__Exercise details__
Please give back, word for word, each line from the start of the entries through the one in which "Heart Chunky Huggie Hoop Earrings" is found.

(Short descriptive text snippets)
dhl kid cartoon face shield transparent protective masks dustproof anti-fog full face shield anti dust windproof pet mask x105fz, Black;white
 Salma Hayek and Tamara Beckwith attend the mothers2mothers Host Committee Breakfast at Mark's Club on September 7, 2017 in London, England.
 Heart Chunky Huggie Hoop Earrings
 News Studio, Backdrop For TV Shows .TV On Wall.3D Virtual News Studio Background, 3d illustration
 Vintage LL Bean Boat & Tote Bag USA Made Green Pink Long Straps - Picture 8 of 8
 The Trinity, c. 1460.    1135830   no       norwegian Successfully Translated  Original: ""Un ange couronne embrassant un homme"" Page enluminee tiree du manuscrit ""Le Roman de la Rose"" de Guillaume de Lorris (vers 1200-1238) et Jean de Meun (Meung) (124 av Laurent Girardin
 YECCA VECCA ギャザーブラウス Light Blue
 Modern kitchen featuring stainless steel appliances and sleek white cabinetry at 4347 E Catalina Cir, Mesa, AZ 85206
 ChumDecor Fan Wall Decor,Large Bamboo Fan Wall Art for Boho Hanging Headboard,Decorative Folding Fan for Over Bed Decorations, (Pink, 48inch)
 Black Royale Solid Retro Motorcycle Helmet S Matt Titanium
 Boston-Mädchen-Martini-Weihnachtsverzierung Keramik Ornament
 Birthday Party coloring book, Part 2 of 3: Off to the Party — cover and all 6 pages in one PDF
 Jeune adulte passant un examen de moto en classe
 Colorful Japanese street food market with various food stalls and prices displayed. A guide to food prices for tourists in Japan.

__Result for this exercise__
dhl kid cartoon face shield transparent protective masks dustproof anti-fog full face shield anti dust windproof pet mask x105fz, Black;white
 Salma Hayek and Tamara Beckwith attend the mothers2mothers Host Committee Breakfast at Mark's Club on September 7, 2017 in London, England.
 Heart Chunky Huggie Hoop Earrings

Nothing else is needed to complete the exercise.